** Opening Provided records block **

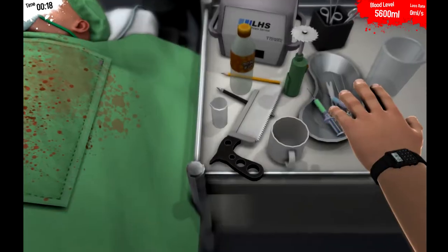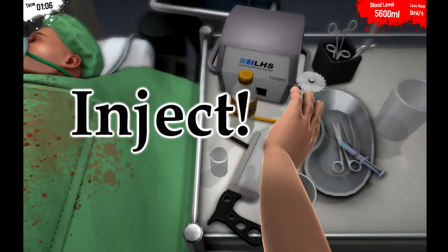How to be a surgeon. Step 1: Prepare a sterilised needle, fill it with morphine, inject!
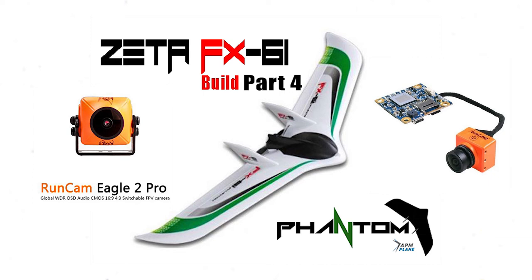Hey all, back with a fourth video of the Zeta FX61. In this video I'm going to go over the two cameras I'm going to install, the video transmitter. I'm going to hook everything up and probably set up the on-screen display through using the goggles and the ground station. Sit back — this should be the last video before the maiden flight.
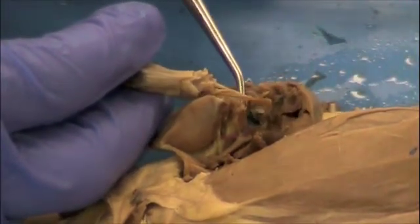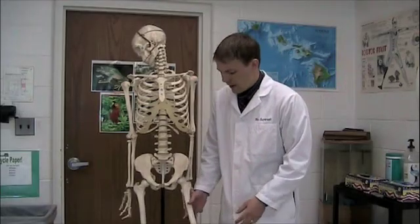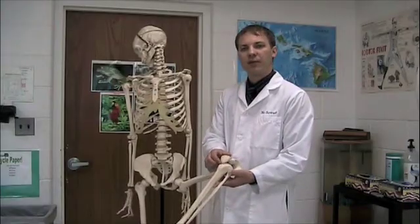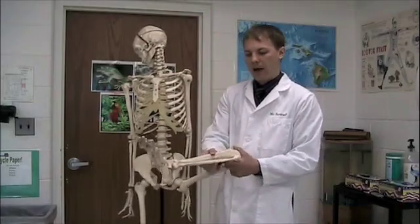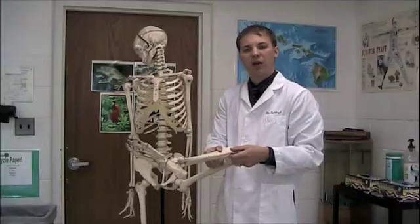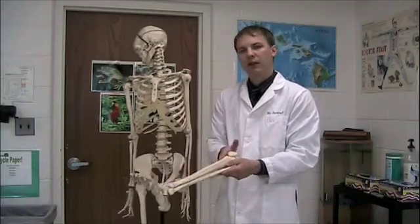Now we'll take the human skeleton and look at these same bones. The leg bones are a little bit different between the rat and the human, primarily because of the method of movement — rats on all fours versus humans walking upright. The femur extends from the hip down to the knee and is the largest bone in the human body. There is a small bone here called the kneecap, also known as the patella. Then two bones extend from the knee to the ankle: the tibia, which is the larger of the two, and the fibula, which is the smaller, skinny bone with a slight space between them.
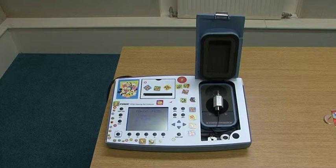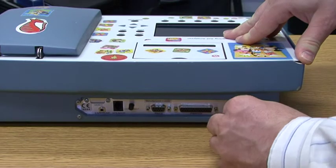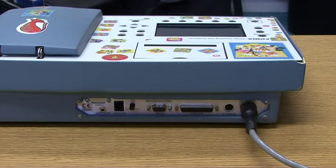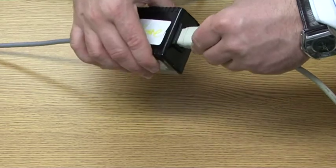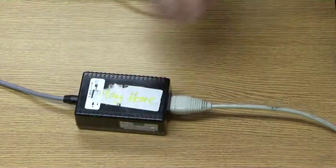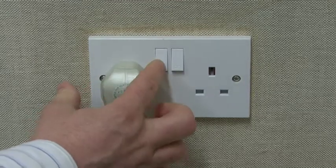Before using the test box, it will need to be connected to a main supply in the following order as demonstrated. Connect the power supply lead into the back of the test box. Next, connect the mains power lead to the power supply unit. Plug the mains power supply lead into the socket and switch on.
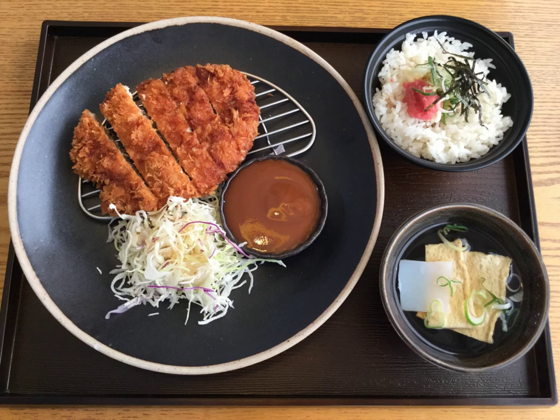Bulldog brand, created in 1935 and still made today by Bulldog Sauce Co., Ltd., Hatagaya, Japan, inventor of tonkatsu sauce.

** Closing Provided records block **

**Work item**
Give the lines again exactly, beginning with the first line of the records above and ending with the line that contains "Hey all, back", and include no pictures.

**Answer section**
How to be a surgeon. Step 1: Prepare a sterilised needle, fill it with morphine, inject!
Hey all, back with a fourth video of the Zeta FX61. In this video I'm going to go over the two cameras I'm going to install, the video transmitter. I'm going to hook everything up and probably set up the on-screen display through using the goggles and the ground station. Sit back — this should be the last video before the maiden flight.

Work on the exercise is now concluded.